BEGIN
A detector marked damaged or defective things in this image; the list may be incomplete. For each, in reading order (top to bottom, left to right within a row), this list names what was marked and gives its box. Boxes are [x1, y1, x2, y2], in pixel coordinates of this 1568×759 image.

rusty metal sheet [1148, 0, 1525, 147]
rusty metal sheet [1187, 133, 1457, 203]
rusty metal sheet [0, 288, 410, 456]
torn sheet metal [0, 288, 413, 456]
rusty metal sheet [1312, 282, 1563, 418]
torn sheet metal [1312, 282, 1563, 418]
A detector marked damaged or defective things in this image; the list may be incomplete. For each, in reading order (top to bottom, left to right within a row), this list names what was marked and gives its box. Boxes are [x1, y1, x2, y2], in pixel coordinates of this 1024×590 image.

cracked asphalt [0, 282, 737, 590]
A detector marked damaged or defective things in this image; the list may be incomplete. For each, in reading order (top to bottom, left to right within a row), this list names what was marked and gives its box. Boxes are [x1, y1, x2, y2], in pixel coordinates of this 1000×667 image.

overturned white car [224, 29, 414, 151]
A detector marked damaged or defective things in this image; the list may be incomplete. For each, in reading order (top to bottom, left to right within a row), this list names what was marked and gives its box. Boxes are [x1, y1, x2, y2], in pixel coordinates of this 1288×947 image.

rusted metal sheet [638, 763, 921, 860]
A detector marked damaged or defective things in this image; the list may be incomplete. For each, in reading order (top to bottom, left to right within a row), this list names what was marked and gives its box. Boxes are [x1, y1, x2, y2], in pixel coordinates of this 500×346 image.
END
Beginning with the line that contains "this 1000×667 image.", each line of the records above through the last one must be printed word for word.

▶ [YOUR RESPONSE]
A detector marked damaged or defective things in this image; the list may be incomplete. For each, in reading order (top to bottom, left to right within a row), this list names what was marked and gives its box. Boxes are [x1, y1, x2, y2], in pixel coordinates of this 1000×667 image.

overturned white car [224, 29, 414, 151]
A detector marked damaged or defective things in this image; the list may be incomplete. For each, in reading order (top to bottom, left to right within a row), this list names what was marked and gives its box. Boxes are [x1, y1, x2, y2], in pixel coordinates of this 1288×947 image.

rusted metal sheet [638, 763, 921, 860]
A detector marked damaged or defective things in this image; the list may be incomplete. For each, in reading order (top to bottom, left to right within a row), this list names what was marked and gives its box. Boxes are [x1, y1, x2, y2], in pixel coordinates of this 500×346 image.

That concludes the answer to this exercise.